La robe de l’Impératrice intriguait le concierge. Il voulait savoir si c’était pour s’en revêtir que Balaoo avait apporté cette parure, et si on verrait bientôt son maître se promener dans cette belle robe blanche. Il la retournait avec son bec et trouva le moyen de lui arracher un bout de dentelle, ce qui lui valut une gifle.

— Tu as tort de te fâcher, exprima le général Captain, en se mettant hors de portée, je suis sûr qu’elle t’irait joliment bien.

— Général Captain, fait Balaoo sur un ton négligent, tu ne sais pas ce que c’est que le jacarei ?

— Jacarei ? Non, Balaoo.

— C’est un crocodile de la forêt de Bandang. Quand la panthère de Java commence à le manger par la queue, il ne bronche pas d’une semelle ; quand la panthère de Java en a mangé la moitié et que sa faim, pour ce jour-là est apaisée, la panthère s’en va, mais le jacarei reste. Oui, ma parole, il reste, attendant que la panthère revienne manger, le lendemain, son autre moitié. Est-il bête, hein ?

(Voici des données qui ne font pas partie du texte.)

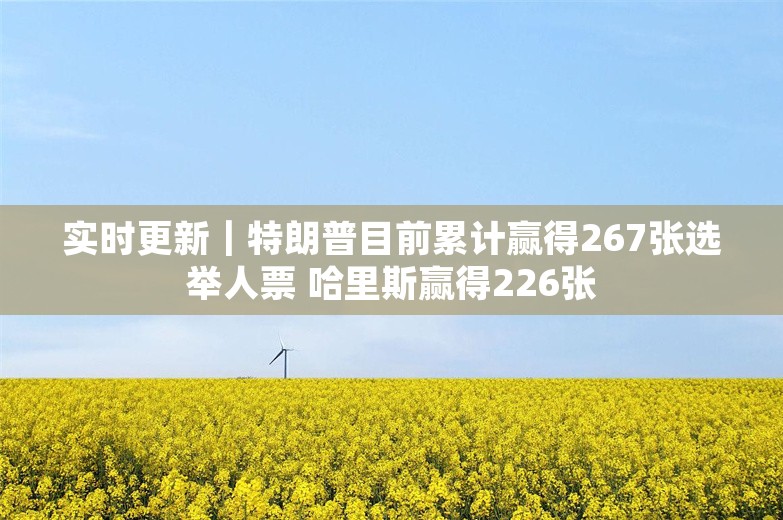 实时更新｜特朗普目前累计赢得267张选举人票 哈里斯赢得226张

— Pourquoi me racontes-tu ça ? demande le concierge, abruti.

— Pour que tu saches bien que, dans la forêt de Bandang, il y a tout plus beau qu’ici ! Ainsi le jacarei est encore plus bête que toi ! mais ne t’y fie pas, général Captain. Certes ! ce n’est pas moi qui te mangerai jamais par la queue ; mais mon ami As pourrait bien, si je le lui permettais, être moins dégoûté. (À ce moment, on gratta à la porte. Balaoo ordonna à son domestique d’ouvrir, car il avait reconnu un grattement ami ; et As, justement, le renard, entra, une poule dans la gueule et saluant de sa queue en trompette).